Work required.
Determine how many lines in the entries below include the word "Mini", and reply with that number alone.
═══ Provided information ═══
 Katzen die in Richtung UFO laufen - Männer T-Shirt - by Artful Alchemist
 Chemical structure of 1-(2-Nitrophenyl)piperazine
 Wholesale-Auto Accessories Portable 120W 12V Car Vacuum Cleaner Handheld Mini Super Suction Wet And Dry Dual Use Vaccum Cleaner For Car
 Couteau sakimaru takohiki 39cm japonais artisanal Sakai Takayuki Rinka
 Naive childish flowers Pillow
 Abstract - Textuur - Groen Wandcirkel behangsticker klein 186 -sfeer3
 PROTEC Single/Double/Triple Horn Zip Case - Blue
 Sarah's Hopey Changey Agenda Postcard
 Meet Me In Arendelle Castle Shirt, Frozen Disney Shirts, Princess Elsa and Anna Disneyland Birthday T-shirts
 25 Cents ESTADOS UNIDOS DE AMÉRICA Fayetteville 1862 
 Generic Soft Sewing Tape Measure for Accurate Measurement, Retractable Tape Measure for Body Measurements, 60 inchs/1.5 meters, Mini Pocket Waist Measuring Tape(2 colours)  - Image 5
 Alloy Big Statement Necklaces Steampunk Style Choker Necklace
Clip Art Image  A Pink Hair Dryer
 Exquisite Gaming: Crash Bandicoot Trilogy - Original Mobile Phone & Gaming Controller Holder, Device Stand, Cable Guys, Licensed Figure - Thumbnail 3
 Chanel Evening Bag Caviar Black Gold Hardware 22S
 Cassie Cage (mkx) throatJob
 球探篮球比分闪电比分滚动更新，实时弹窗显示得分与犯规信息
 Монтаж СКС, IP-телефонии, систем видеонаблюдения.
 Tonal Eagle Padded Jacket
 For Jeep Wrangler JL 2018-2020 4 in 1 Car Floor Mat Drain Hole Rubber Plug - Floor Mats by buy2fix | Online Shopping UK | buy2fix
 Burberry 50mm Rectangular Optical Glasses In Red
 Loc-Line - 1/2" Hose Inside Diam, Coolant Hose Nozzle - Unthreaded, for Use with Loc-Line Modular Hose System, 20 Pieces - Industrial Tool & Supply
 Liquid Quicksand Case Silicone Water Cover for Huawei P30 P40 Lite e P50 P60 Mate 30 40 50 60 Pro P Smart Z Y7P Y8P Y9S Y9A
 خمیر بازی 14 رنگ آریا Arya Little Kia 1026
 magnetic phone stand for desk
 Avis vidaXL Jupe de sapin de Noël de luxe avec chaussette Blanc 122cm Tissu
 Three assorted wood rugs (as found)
═══
Exercise result.
2